果たして「松坂世代」の復活はなるか トミー・ジョン手術からの再起を目指す男たち

「松坂世代」の優秀さを表す要素

 では、肘が壊れる理由は何なのか。例えば松坂は、精密検査を受けた結果として靱帯が「損傷」ではなく「断裂」であることが判明し、医師から「手術しなければ復帰できない」と告げられているが、藤川は勤続疲労が原因の1つだと分析する。
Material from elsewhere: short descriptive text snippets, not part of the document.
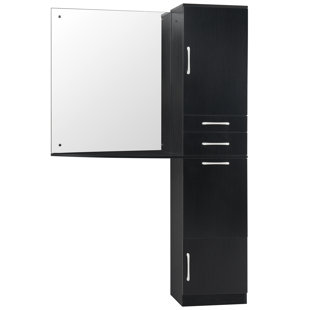 Tolley 8.07 W x 114.96 H x 12.8 D Wall Mounted Bathroom Shelves Rebrilliant Finish: Black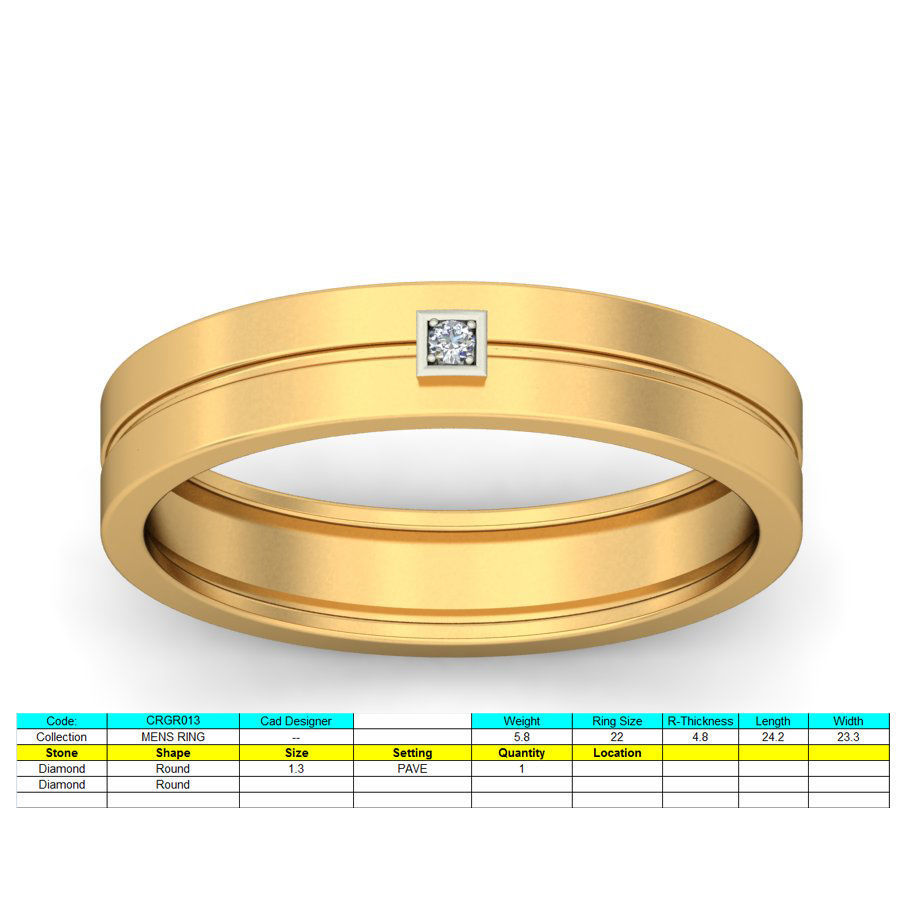 150 Women Ring 3dm render details bulk collections  3D print model_15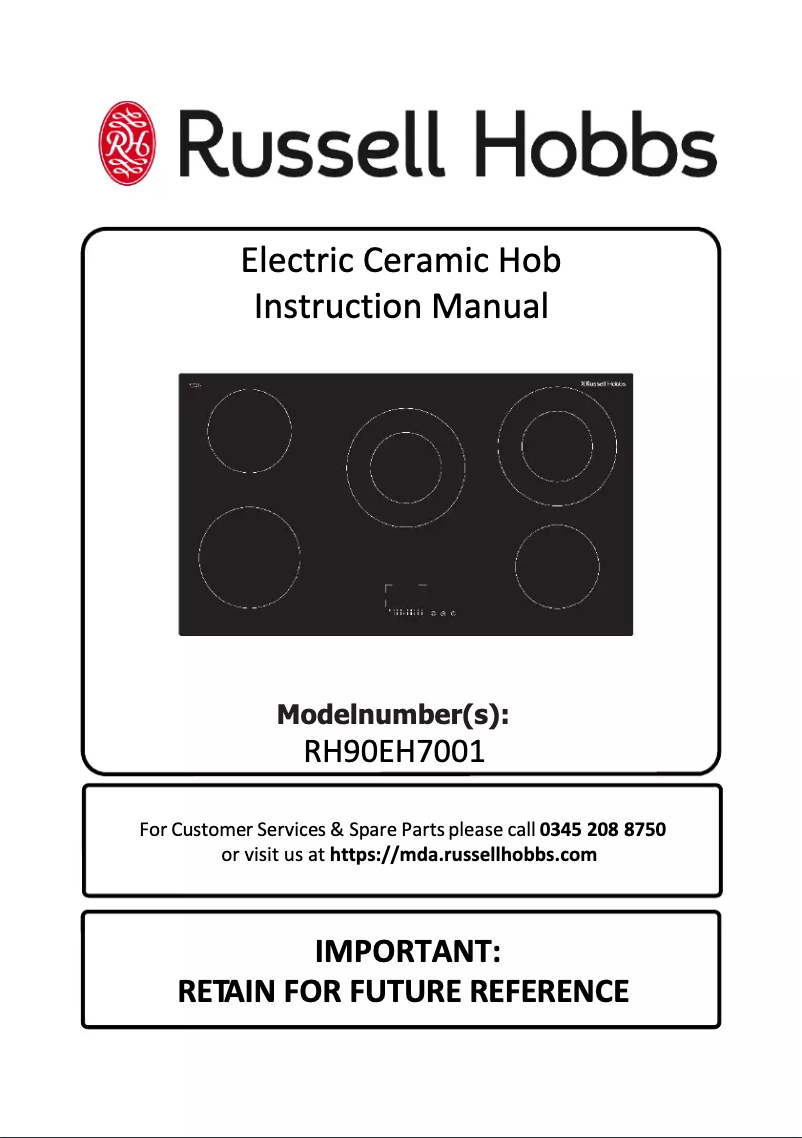 Page n°1 - Manuel utilisateur Russell Hobbs RH90EH7001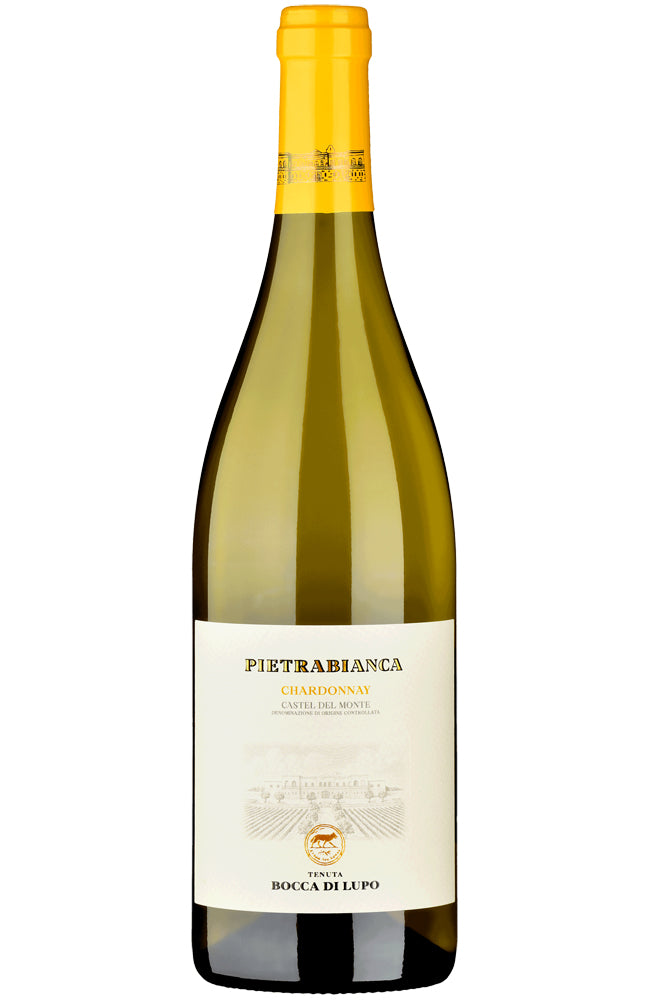 Tenuta Bocca di Lupo Pietrabianca Chardonnay Fiano White Wine Bottle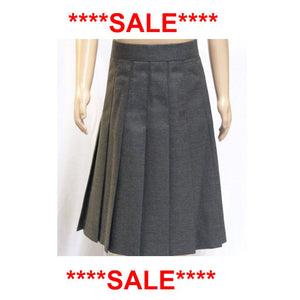 The Firs Pleated Skirt Grey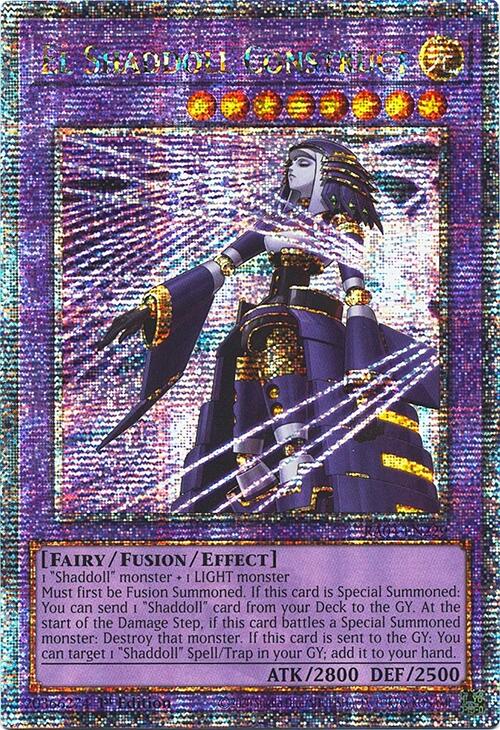 El Shaddoll Construct (Alternate Art) [RA04-EN229] Quarter Century Secret Rare | Exor Games Summserside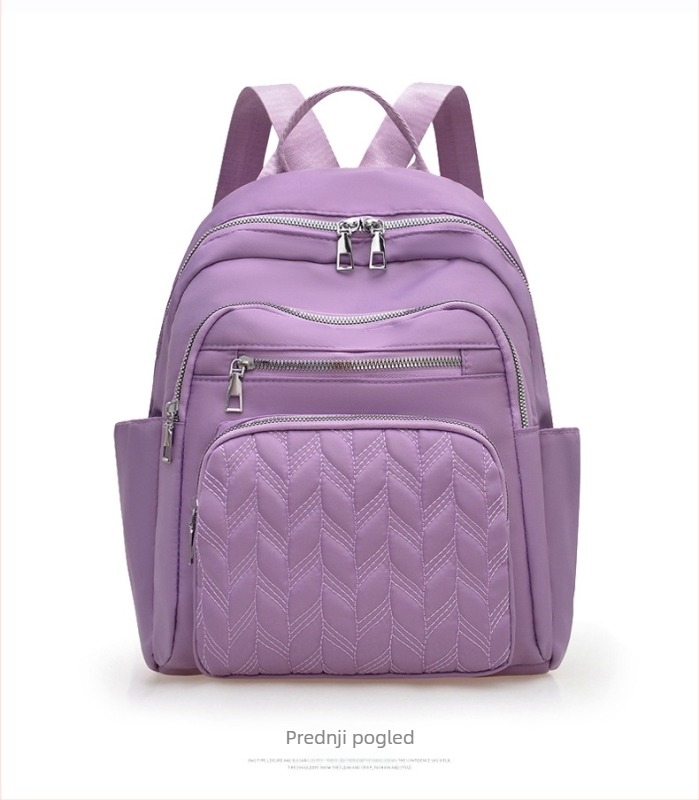Unisex oxford ruksak, casual korejskog stila, minimalistički dizajn, za gradske potrebe i putovanja, 20–35 L, za 8-inčni laptop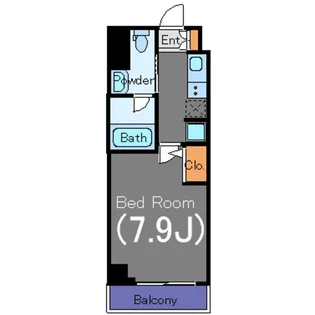 プレール・ドゥーク浜松町【10階】の間取り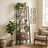 5-Tier Bookcase - 56L - Particleboard - Vintage Design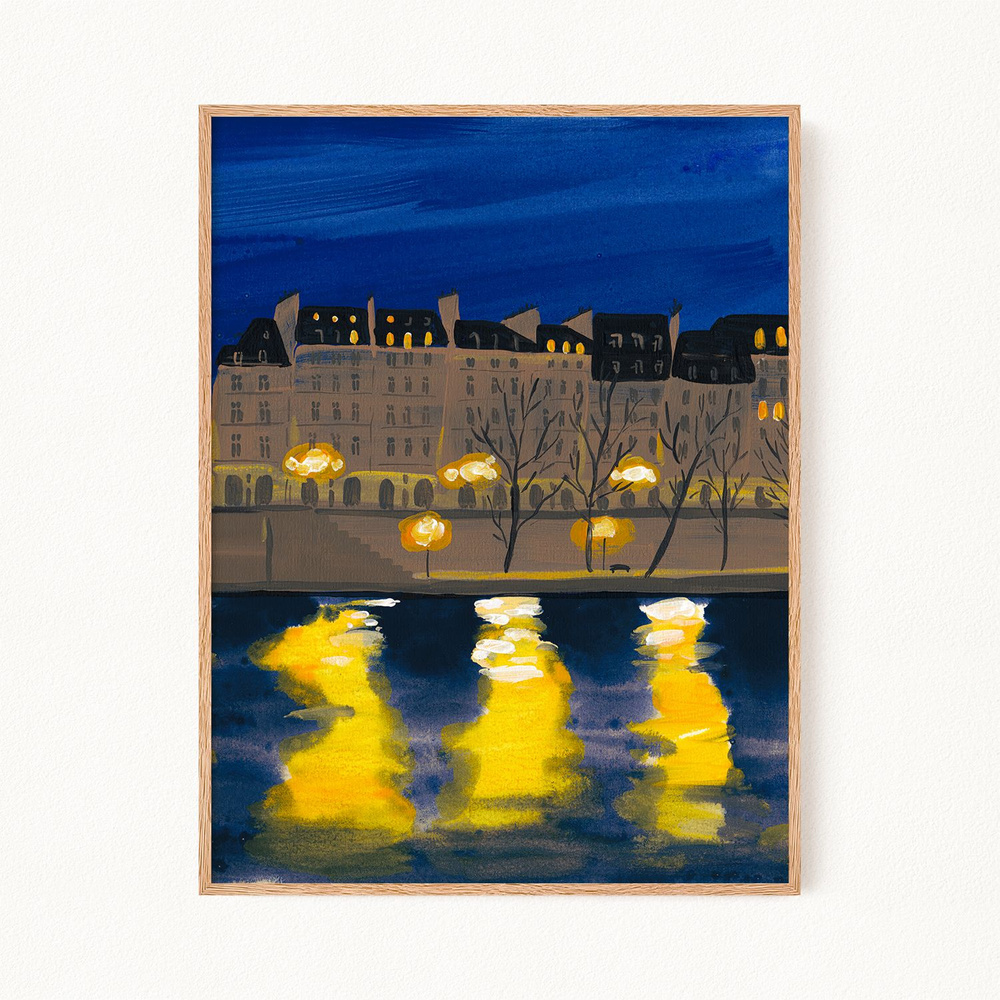 Постер "The Seine by Night", 21х30 см #1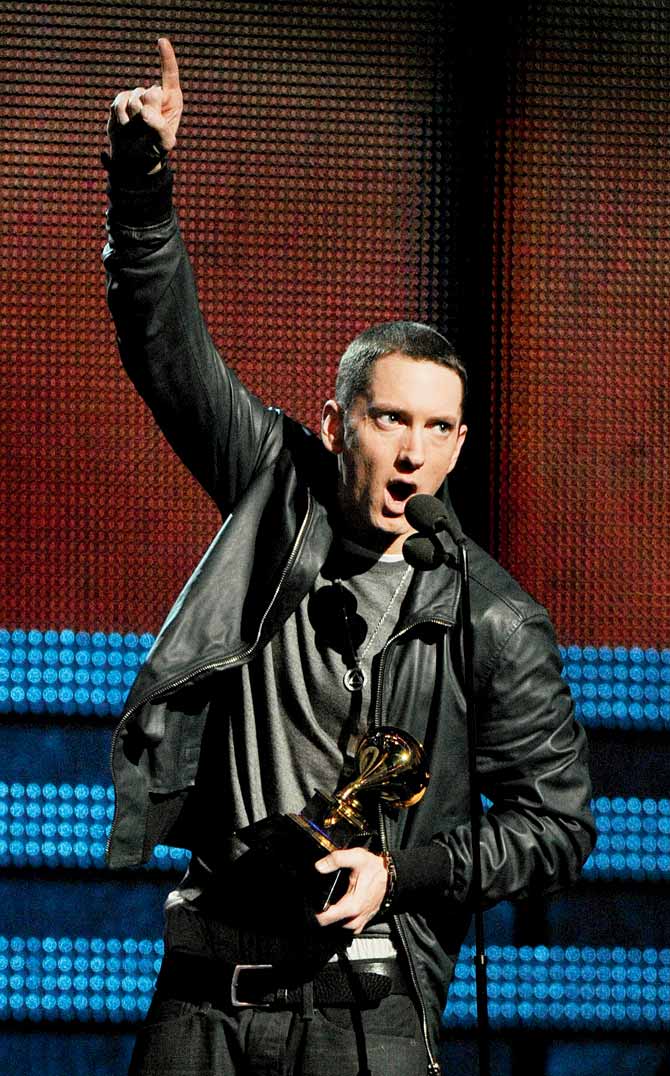 Eminem is suing the New Zealand ruling party over a music track it used for a campaign ad. Pic/AFP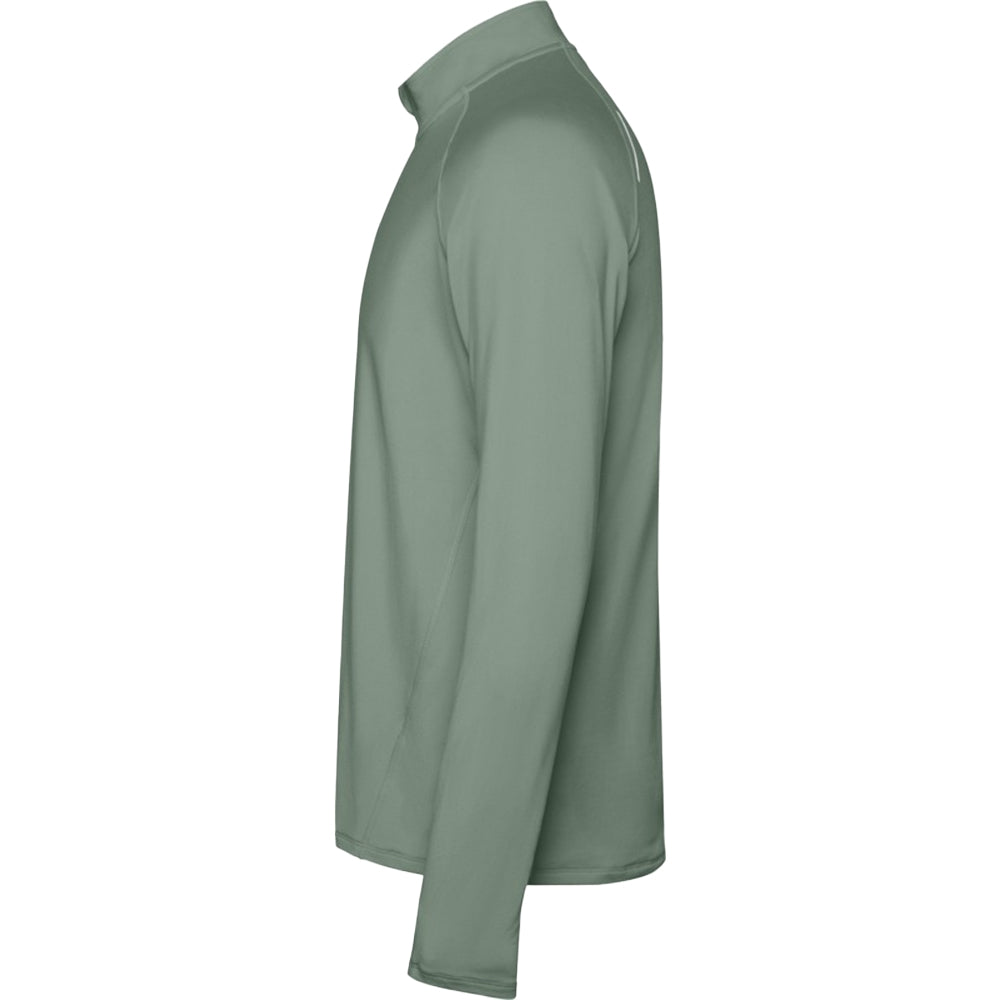 Laurel Green - Side - Roly Mens Estambul Quarter Zip Long-Sleeved Sweatshirt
「要素があるのかもしれないですよね。アメリカでもトミー・ジョンをしている世代は、そこそこのボールを投げるピッチャーしかならない。僕たちの世代は使い古したという感じになる」

 日本の野球界を席巻した「松坂世代」は、プロ入り後もチームの主力として活躍してきた選手ばかりだ。和田はソフトバンクのエースとして、藤川は阪神の絶対的な守護神として君臨していた。松坂を含め、誰もが責任を持ってマウンドを守り続けてきた。その負担が肘にかかり、たまり続けたものが一気に出てしまったとしても不思議ではない。

 米国では、スティーブン・ストラスバーグ(ナショナルズ)、マット・ハービー(メッツ)といった25歳以下の若い選手もトミー・ジョン手術を経験している。この2人はいずれも速球派として知られており、投球フォームに靱帯が耐えられなかったとも考えられる。つまり、靱帯を傷つける原因は決して“投球過多”だけではないわけだが、「松坂世代」が30歳を過ぎて次々と肘を壊していることについては、やはり共通の原因があるように思える。藤川は、むしろ肘の故障で片付いていることは「松坂世代」の優秀さを表す1つの要素だとすら考えている。

「その手術で済むというのは、フォームがいいんじゃないですか。復帰確率の高い故障で、例えば肩とかヘルニアとか、そういうのではなくて、トミー・ジョン手術だということは幸運なのか、もしくは、自分たちのフォームがそれなりに自然な形で、無理のないフォームなのかもしれない」

 藤川からすれば、それは「松坂世代」の誇りと言えるのかもしれない。